I recently did a scrub on my root pool after I realized that I hadn’t done one for… uh… two years… Anyway, the results of the scrub look somewhat concerning:
pool: zroot state: ONLINE scan: scrub repaired 8.09M in 0 days 00:09:43 with 0 errors on Mon Jul 17 18:04:06 2023 config: NAME STATE READ WRITE CKSUM zroot ONLINE 0 0 0 raidz2-0 ONLINE 0 0 0 nvd0p4 ONLINE 0 0 0 nvd1p4 ONLINE 0 0 0 nvd2p4 ONLINE 0 0 0 nvd3p4 ONLINE 0 0 0 errors: No known data errors
The drives are Samsung 970 EVO NVME SSDs, attached to the PCIe slots via adapters. If I were seeing actual errors, the adapters would be the first thing I’d suspect, but that doesn’t seem to be the case. The server has ECC RAM, so I don’t think it’s a bit flip issue. And of course no drive errors are being reported.
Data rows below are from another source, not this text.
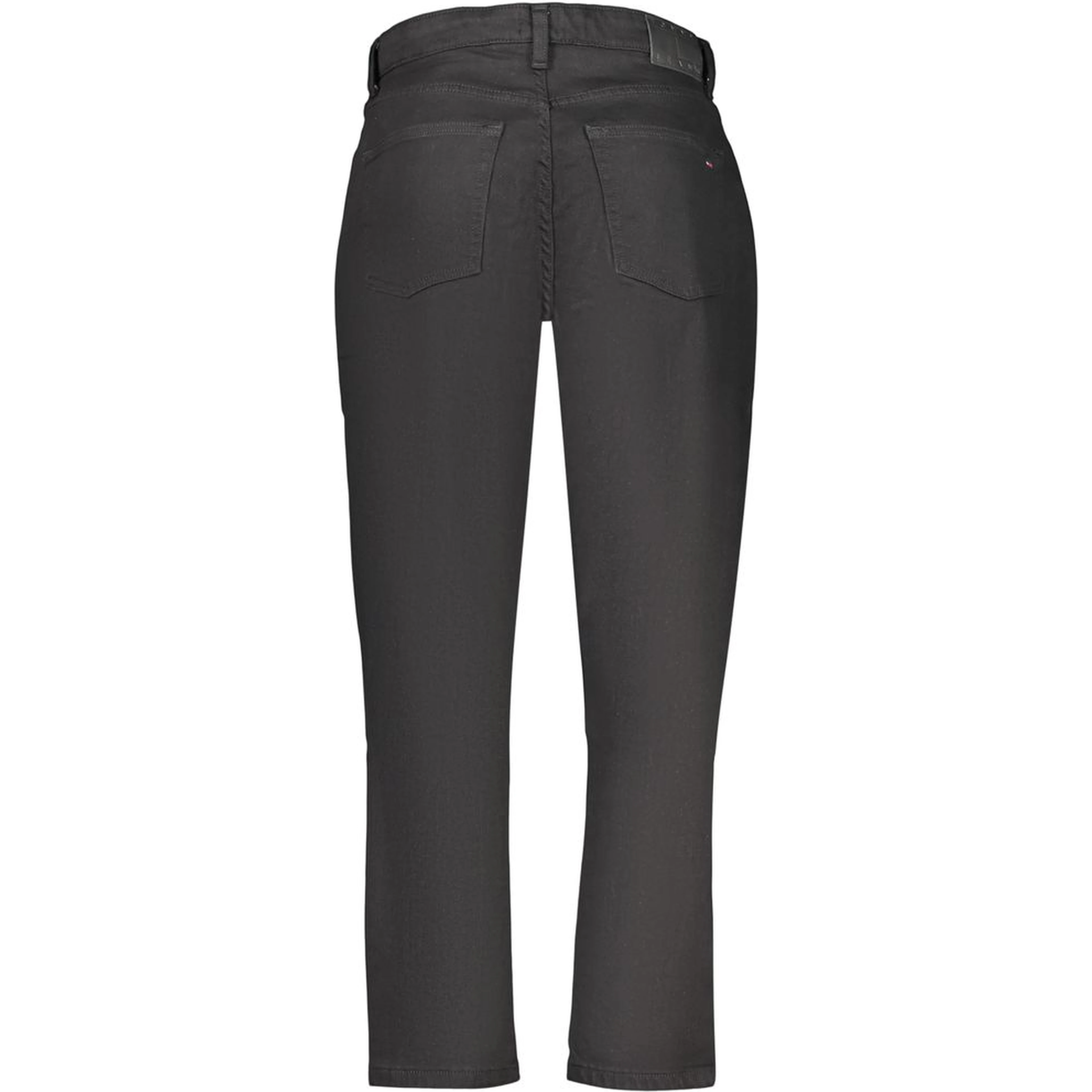 Black Cotton Mom Jeans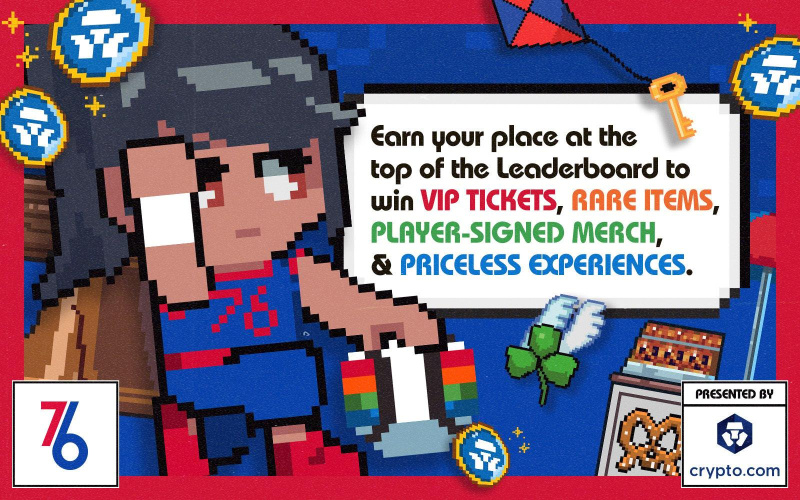 Philadelphia 76ers, Crypto.com partner to unveil ‘Spectrum Sprint,’ part of first-ever Web3 mobile video game series in NBA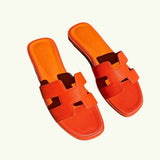 Benedikta™ Flache Sandalen für Frauen – Orange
SMART tests on the drives show between 7 and 80 media errors on each of the drives, though I’ve read somewhere that on the EVO series those could have been caused by unsafe shutdowns, of which apparently there have been 9. So maybe that’s what’s causing the data to need to be repaired? I don’t think the drives are going bad, but I can’t say for sure.
So are the media errors likely to be the source of the corrupted data? 8MB in two years isn’t much I suppose, so should I just not worry about it?